The dominating news for the early weeks of 2020 has been the ongoing tensions and military conflict between the United States and Iran. When CWU students were asked for their knowledge on the situation, nearly all heard that the United States is sending troops to the Middle East and most reported that their knowledge came from what they had seen and read on social media.
“As long as it doesn’t go to what the memes are telling me I should be fine, they’re all talking about world war three,” one student said.
“I know that someone got assassinated and the media has been making this person out to be the worst person ever, which I think is interesting when we’ve never heard of this person,”
The Perspective of an Iranian CWU Student
While many Americans and CWU students are learning about the conflict through memes of being drafted into World War Three, there are those here who have personal experiences with both countries.
Mohsen Asadalla is a senior whose family is from Iran. He was born and raised in Bahrain where he lived until he was 15 before immigrating to the United States to play basketball.
“I got crushed pretty quick,” Asadalla said of his basketball career. “It was difficult for me in the beginning. I was 15 years old and the difference in culture, not being with my parents and family was very hard.”
Asadalla is about to graduate from CWU with a political science degree. He hopes the degree will help him get a job related to U.S. foreign policy in the Middle East. He wants to bring awareness to the complexity of countries like Iran and the similarities between average people in the U.S. and the Middle East.
“We wake up, go to work, meet family because we’re very family oriented,” Asadilla said. “People so shallowly analyze the Middle East not knowing the cultural and religious complexities of the region…and that’s why the conflicts never end.”
For the past two decades, the largest military engagements the US military has taken part in within the Middle East have been in Iraq.
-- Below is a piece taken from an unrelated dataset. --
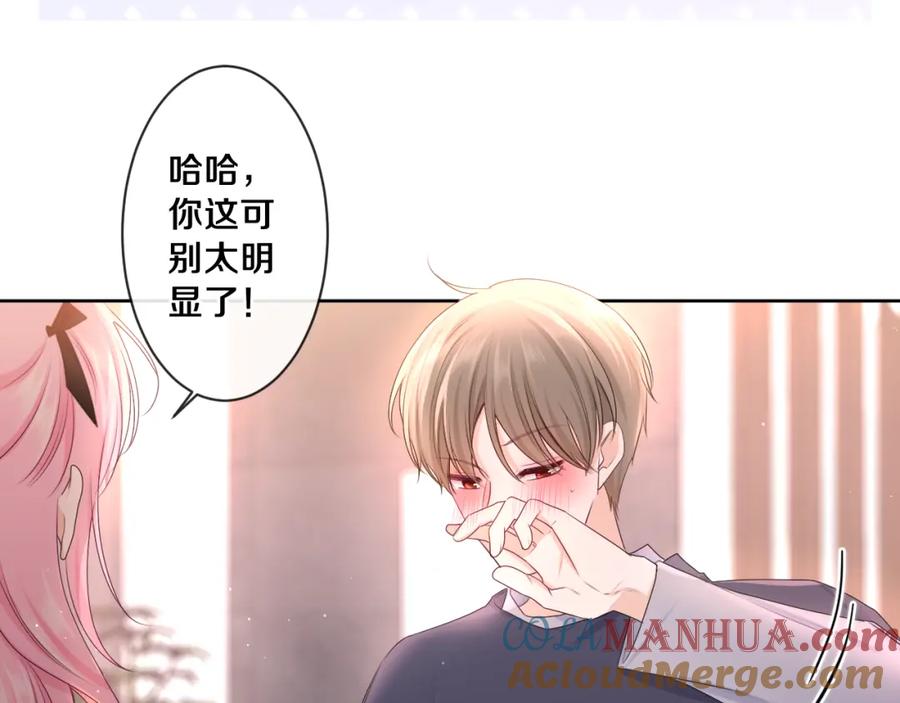 嗨，树洞同学 - 第93话 释放你的情感吧 - 第65张图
This, according to Asadalla, can lead to people seeing most middle eastern countries through the lens of Iraq which can lead to underestimating Iran’s level of development.
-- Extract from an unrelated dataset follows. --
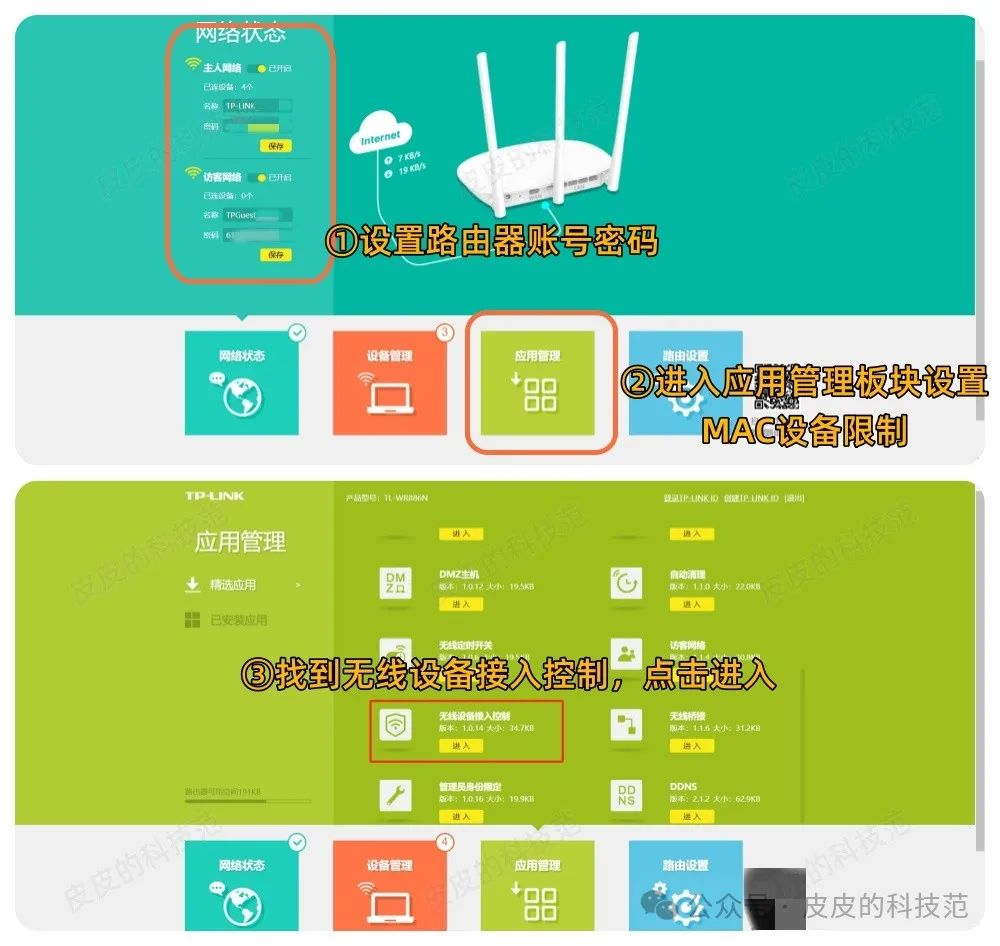 摄像头重启之后无连接无图像_无线摄像头重启后连接不上_如何手机重启连接TP-LINK无线摄像头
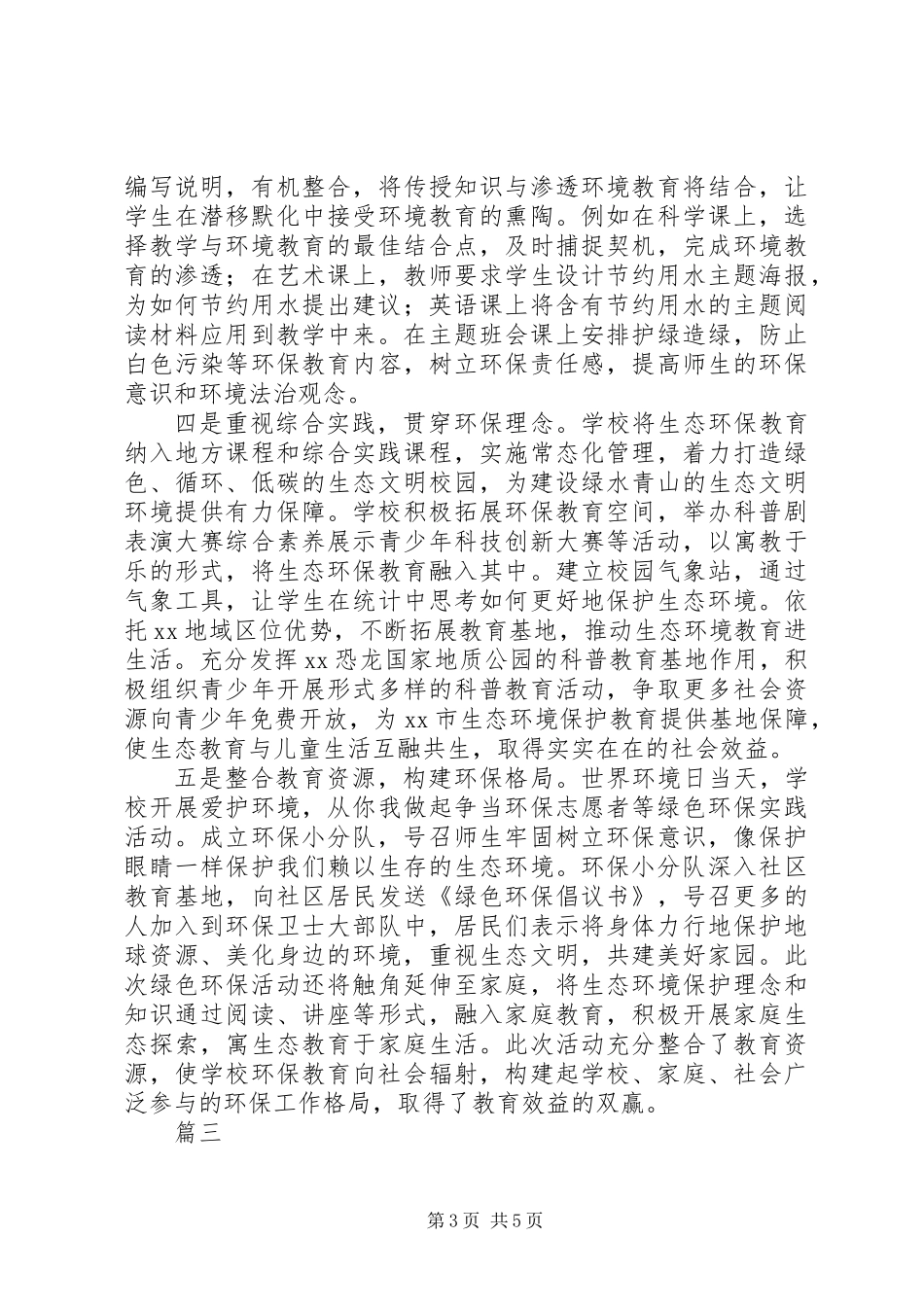 20XX年中小学世界环境日宣传系列活动总结_第3页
“Iran is much different,” Asadalla said. “It would resist anything from the U.S. even though it realizes that it’s much weaker in terms of military capabilities. The people have a resistance factor, not giving in to a system that they’re not willing to give in to.”
Who is Qasem Soleimani?
Qasem Soleimani was a 62-year-old major general in Iran’s Islamic Revolutionary Guard Corps who was regarded as the second most powerful person in Iran behind Supreme Leader Khamenei. On Jan. 3 General Soleimani was killed by an American drone strike at the Baghdad International Airport.
Soleimani was a popular and heroic figure in Iran according to a public opinion study by the University of Maryland’s Center for International and Security Studies at Maryland and a decorated veteran in the Iran-Iraq war. According to Time, Soleimani directly collaborated with the U.S. to fight the Taliban in Afghanistan and helped oversee the Kurdish and Iraqi forces as they worked to eliminate ISIS. However, he also worked closely with the government of Bashar al-Assad throughout the Syrian Civil War, helping Russia further its goals in the region and leading to the deaths of hundreds of American service members according to the New York Times. Soleimani was sanctioned by the United Nations and European Union in 2011 and was designated as a terrorist by the United States.